_YOUR ASSIGNMENT_: Copy every entry below exactly, and keep out the pictures.
************
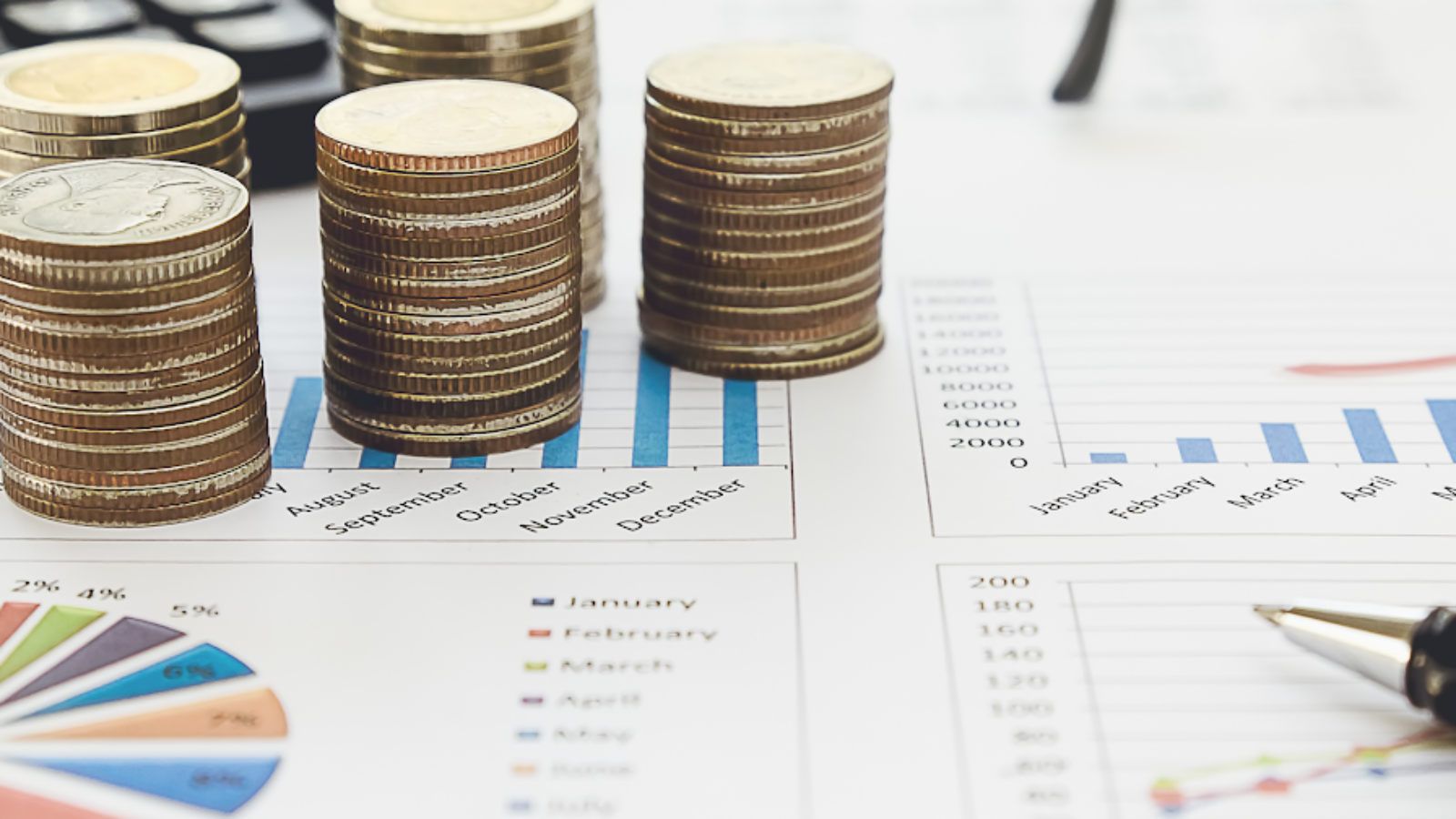 Stacked coins with financial charts showing revenue growth and shopping’s impact on airline revenue management.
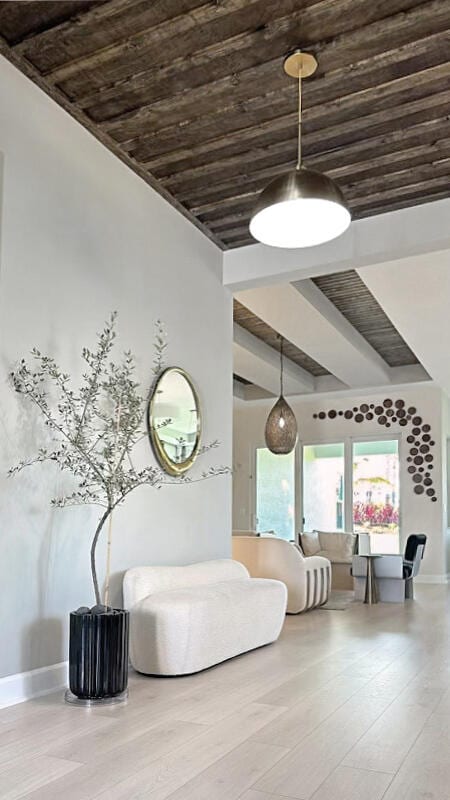 interior space featuring wooden ceiling and hardwood / wood-style flooring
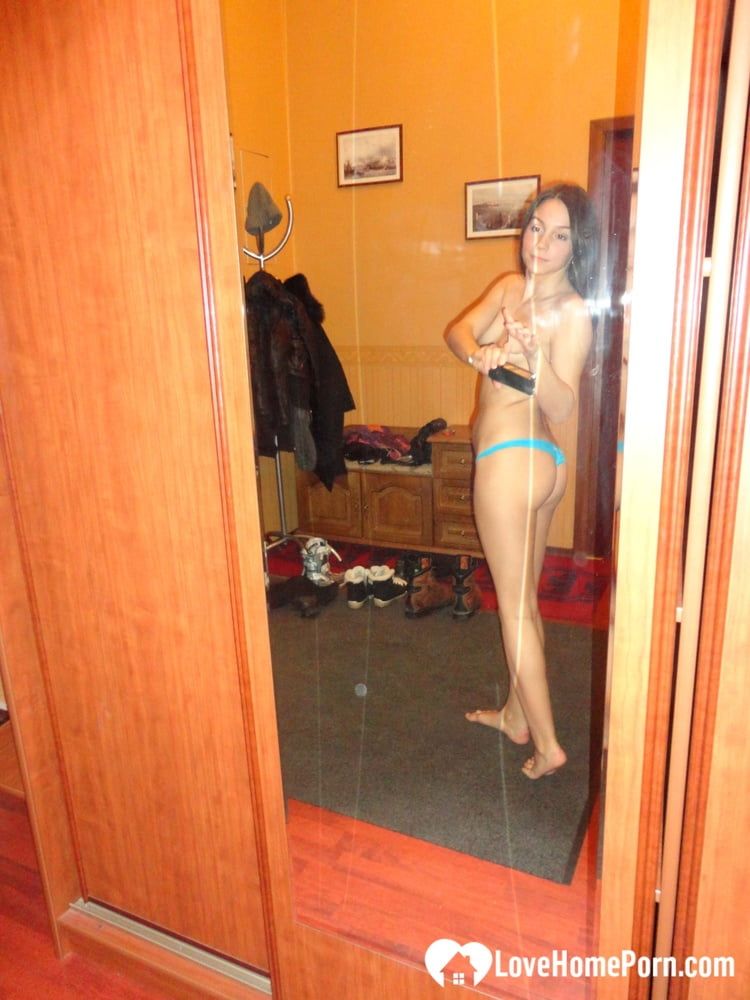 Hot teen shows her body in the mirror #16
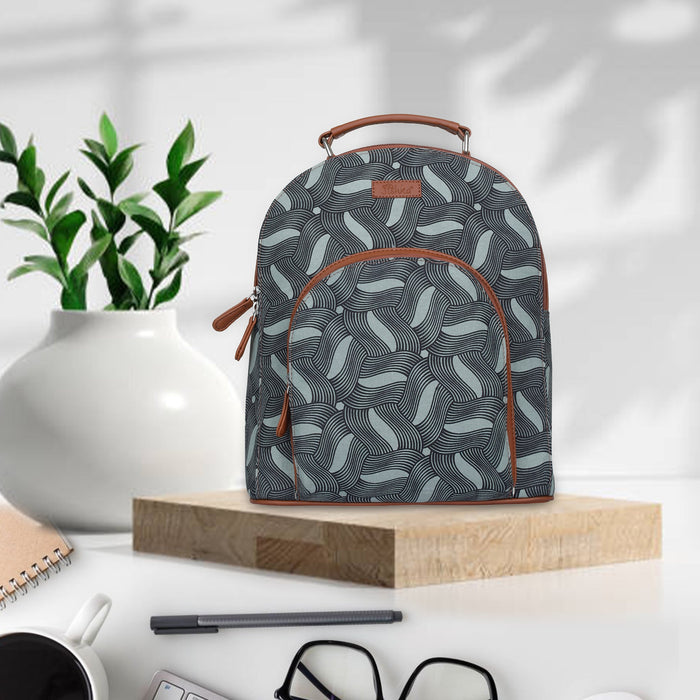 Olive green printed canvas travel backpack with slim vertical silhouette for travel and everyday use-feature image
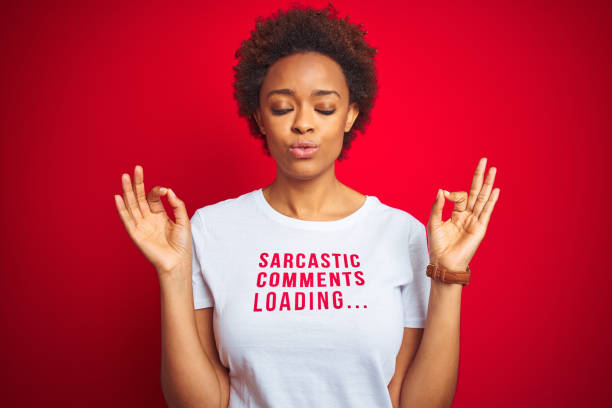 la donna afroamericana che indossa una maglietta con commenti sarcastici su sfondo rosso isolato si rilassa e sorride con gli occhi chiusi facendo un gesto di meditazione con le dita. concetto di yoga. - irony foto e immagini stock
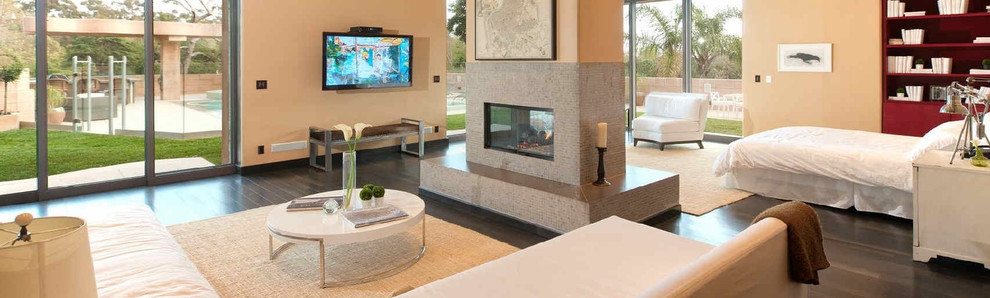 マイアミにある巨大なコンテンポラリースタイルのおしゃれな主寝室 (ベージュの壁、両方向型暖炉、タイルの暖炉まわり、濃色無垢フローリング、茶色い床) のインテリア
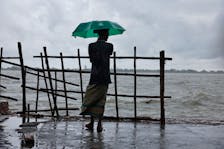 A man stands on the bank of Kholpetua river with an umbrella before the Cyclone Remal hits the country in the Shyamnagar area of Satkhira, Bangladesh, May 26, 2024.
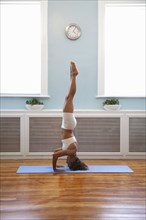 Mixed race woman practicing yoga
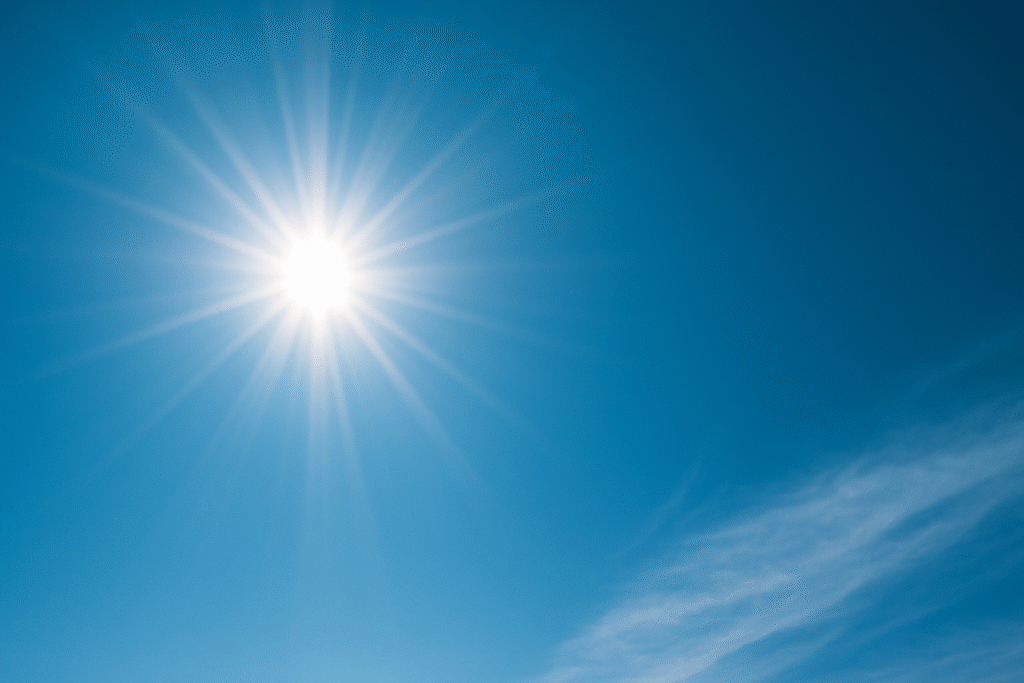 Le soleil brille intensément dans un ciel bleu, symbolisant la lumière intérieure et la confiance retrouvée.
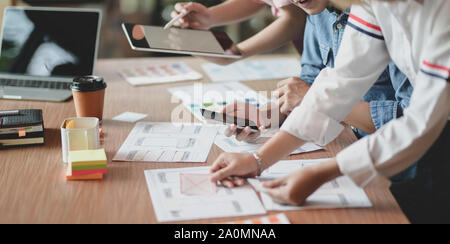 Team of young professional UI graphic designer discussing on their smartphones templates together Stock Photo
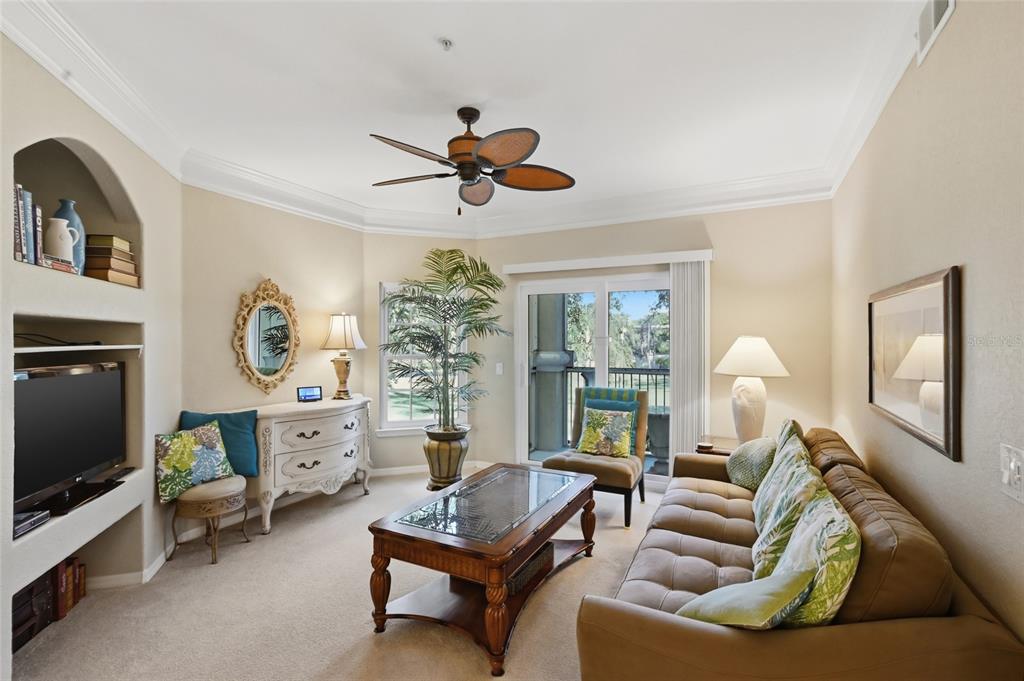 5122 Northridge Road, Unit 210 Sarasota, FL 34238 - Photo 5 of 36 a living room with furniture a flat screen tv and a window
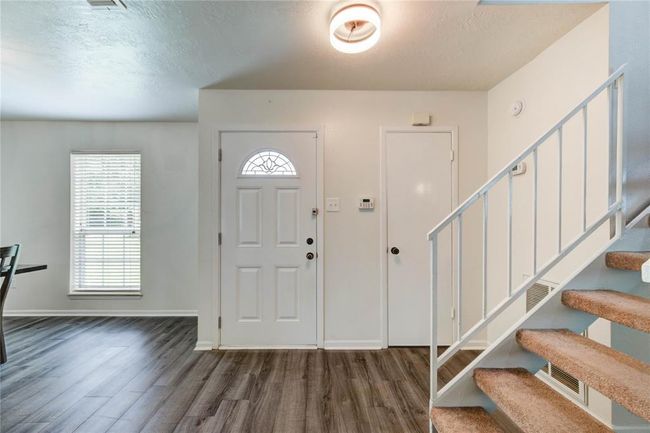 Stunning Entry with Beautiful LV Flooring! | Image 13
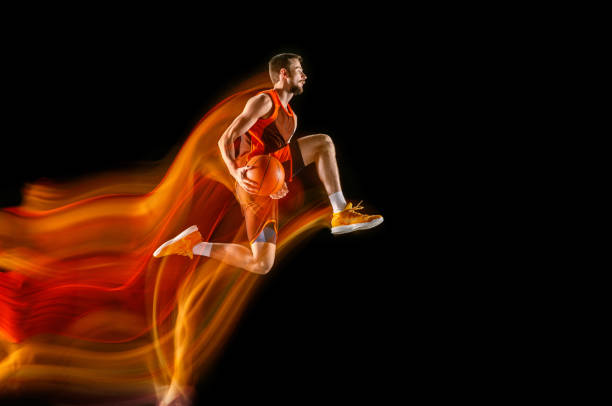 istock Young caucasian basketball player against dark background in mixed light 1170916515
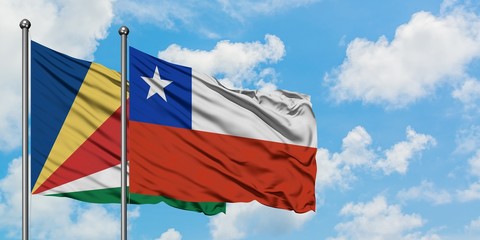 Seychelles and Chile flag waving in the wind against white cloudy blue sky together. Diplomacy concept, international relations.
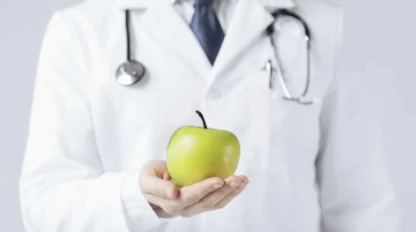 A person wearing a white lab coat and stethoscope holds out a green apple.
************
_SOLUTION FOR THIS PROBLEM_:
 Stacked coins with financial charts showing revenue growth and shopping’s impact on airline revenue management.
 interior space featuring wooden ceiling and hardwood / wood-style flooring
 Hot teen shows her body in the mirror #16
 Olive green printed canvas travel backpack with slim vertical silhouette for travel and everyday use-feature image
 la donna afroamericana che indossa una maglietta con commenti sarcastici su sfondo rosso isolato si rilassa e sorride con gli occhi chiusi facendo un gesto di meditazione con le dita. concetto di yoga. - irony foto e immagini stock
 マイアミにある巨大なコンテンポラリースタイルのおしゃれな主寝室 (ベージュの壁、両方向型暖炉、タイルの暖炉まわり、濃色無垢フローリング、茶色い床) のインテリア
 A man stands on the bank of Kholpetua river with an umbrella before the Cyclone Remal hits the country in the Shyamnagar area of Satkhira, Bangladesh, May 26, 2024.
 Mixed race woman practicing yoga
 Le soleil brille intensément dans un ciel bleu, symbolisant la lumière intérieure et la confiance retrouvée.
 Team of young professional UI graphic designer discussing on their smartphones templates together Stock Photo
 5122 Northridge Road, Unit 210 Sarasota, FL 34238 - Photo 5 of 36 a living room with furniture a flat screen tv and a window
 Stunning Entry with Beautiful LV Flooring! | Image 13
 istock Young caucasian basketball player against dark background in mixed light 1170916515
 Seychelles and Chile flag waving in the wind against white cloudy blue sky together. Diplomacy concept, international relations.
 A person wearing a white lab coat and stethoscope holds out a green apple.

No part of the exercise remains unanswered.